If the authors are serious, this is a silly, distasteful book. If they are not, it’s a brilliant satire.

The authors have created a sort of anti-Book of Virtues in this encyclopedic compendium of the ways and means of power.

Everyone wants power and everyone is in a constant duplicitous game to gain more power at the expense of others, according to Greene, a screenwriter and former editor at Esquire (Elffers, a book packager, designed the volume, with its attractive marginalia). We live today as courtiers once did in royal courts: we must appear civil while attempting to crush all those around us. This power game can be played well or poorly, and in these 48 laws culled from the history and wisdom of the world’s greatest power players are the rules that must be followed to win.
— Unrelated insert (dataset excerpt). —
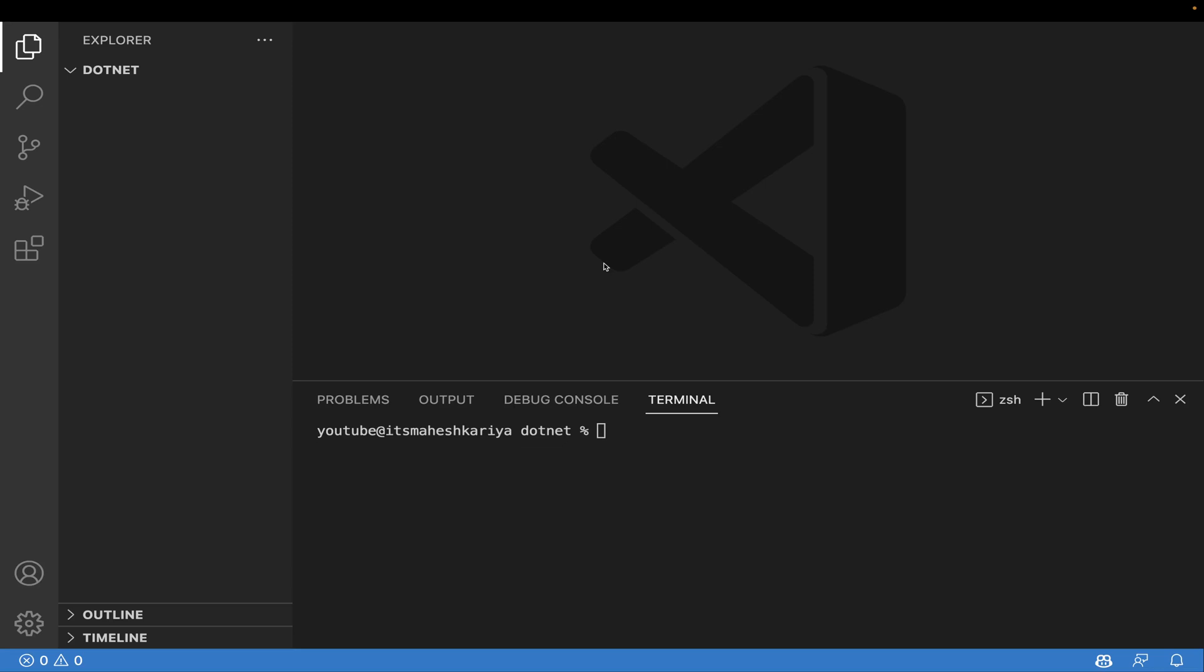Hey guys, welcome back to another exciting session. I'm your host Mahesh Karya, and today I'm going to take you through .NET Core minimal API. Without wasting any time, let's deep dive into it.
These laws boil down to being as ruthless, selfish, manipulative, and deceitful as possible. Each law, however, gets its own chapter: “Conceal Your Intentions,” “Always Say Less Than Necessary,” “Pose as a Friend, Work as a Spy,” and so on. Each chapter is conveniently broken down into sections on what happened to those who transgressed or observed the particular law, the key elements in this law, and ways to defensively reverse this law when it’s used against you. Quotations in the margins amplify the lesson being taught. While compelling in the way an auto accident might be, the book is simply nonsense. Rules often contradict each other. We are told, for instance, to “be conspicuous at all cost,” then told to “behave like others.” More seriously, Greene never really defines “power,” and he merely asserts, rather than offers evidence for, the Hobbesian world of all against all in which he insists we live. The world may be like this at times, but often it isn’t. To ask why this is so would be a far more useful project.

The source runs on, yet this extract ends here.